Selbst wenn eine belastende Wirkung der rückwirkenden Inkraftsetzung der niedersächsischen Neuregelung unterstellt würde, so wäre eine rückwirkende Regelung mangels schutzwürdigen Vertrauens des Klägers zulässig. Der Kläger ist nicht schutzwürdig, denn er hatte selbst (zutreffend) geltend gemacht, die Bestimmungen der §§ 27, 28 BBesG a. F. diskriminierten ihn ungerechtfertigt wegen seines Lebensalters. Er musste dementsprechend damit rechnen, dass der hierfür zuständige Gesetzgeber die mit Ablauf der Umsetzungsfrist wegen des Verstoßes gegen das Unionsrecht unanwendbaren Bestimmungen der §§ 27, 28 BBesG a. F. durch solche Vorschriften ersetzen wird, die den Vorgaben der Richtlinie 2000/78/EG genügen (Nds. OVG, Beschluss vom 21.6.2018 - 5 LA 104/17 -, juris Rn. 22; zur vergleichbaren sächsischen Regelung: BVerwG, Urteil vom 30.10.2014 - BVerwG 2 C 3.13 -, juris, Rn. 81).

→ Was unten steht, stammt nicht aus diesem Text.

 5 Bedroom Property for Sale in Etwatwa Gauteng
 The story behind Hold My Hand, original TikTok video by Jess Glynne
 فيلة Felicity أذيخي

3. Ebenso wenig bestehen Bedenken gegen die Stichtagsregelung zum 1. September 2011.

Es ist dem Gesetzgeber durch den allgemeinen Gleichheitssatz des Art. 3 Abs. 1 GG grundsätzlich nicht verwehrt, zur Regelung bestimmter Lebenssachverhalte Stichtage einzuführen. In Art. 3 Abs. 1 GG ist das Verbot statuiert, wesentlich Gleiches sachwidrig ungleich zu behandeln. Der allgemeine Gleichheitssatz gebietet also, wesentlich Gleiches gleich zu behandeln, wesentlichen Unterschieden hingegen normativ Rechnung zu tragen. Er stellt es dem Normgeber aber frei, Differenzierungsmerkmale auszuwählen. Betrifft die zu prüfende Regelung ein Gebiet, in dem der Normgeber über ein weites Ermessen verfügt, so ist ein Gleichheitsverstoß nur dann anzunehmen, wenn sich im Hinblick auf die Eigenart des geregelten Sachbereichs ein vernünftiger, einleuchtender Grund für die Regelung schlechthin nicht finden lässt, die Regelung also willkürlich erscheint (vgl. BVerfG, Beschluss vom 30.9.1987 - 2 BvR 933/82 -, juris Rn. 137 ff.; BVerwG, Beschluss vom 10.4.2017 - BVerwG 2 B 37.16 -, juris Rn. 14; Nds. OVG, Beschluss vom 21.8.2018 - 5 LA 104/17 -, juris Rn. 31). In diesem Rahmen ist es dem Gesetzgeber nicht durch Art. 3 Abs. 1 GG verwehrt, zur Regelung bestimmter Lebenssachverhalte Stichtage einzuführen, obwohl jeder Stichtag unvermeidlich gewisse Härten mit sich bringt. Bei der Regelung des Übergangs von einer älteren zu einer neueren Regelung steht dem Gesetzgeber ein Gestaltungsspielraum zu. Die verfassungsrechtliche Prüfung von Stichtagsregelungen muss sich daher darauf beschränken, ob der Gesetzgeber den ihm zustehenden Spielraum in sachgerechter Weise genutzt hat, insbesondere ob die Einführung des Stichtags überhaupt und die Wahl des Zeitpunkts am gegebenen Sachverhalt orientiert und damit sachlich vertretbar war. In besonderen Lagen können Stichtags- und Überleitungsregelungen geboten sein (BVerfG, Nichtannahmebeschluss vom 7.10.2015 - 2 BvR 413/15 -, juris Rn. 24 m. w. N.; BVerwG, Beschluss vom 10.4.2017 - BVerwG 2 B 37.16 -, juris Rn. 14 m. w. N.; Nds. OVG, Beschluss vom 21.8.2018 - 5 LA 104/17 -, juris Rn. 31).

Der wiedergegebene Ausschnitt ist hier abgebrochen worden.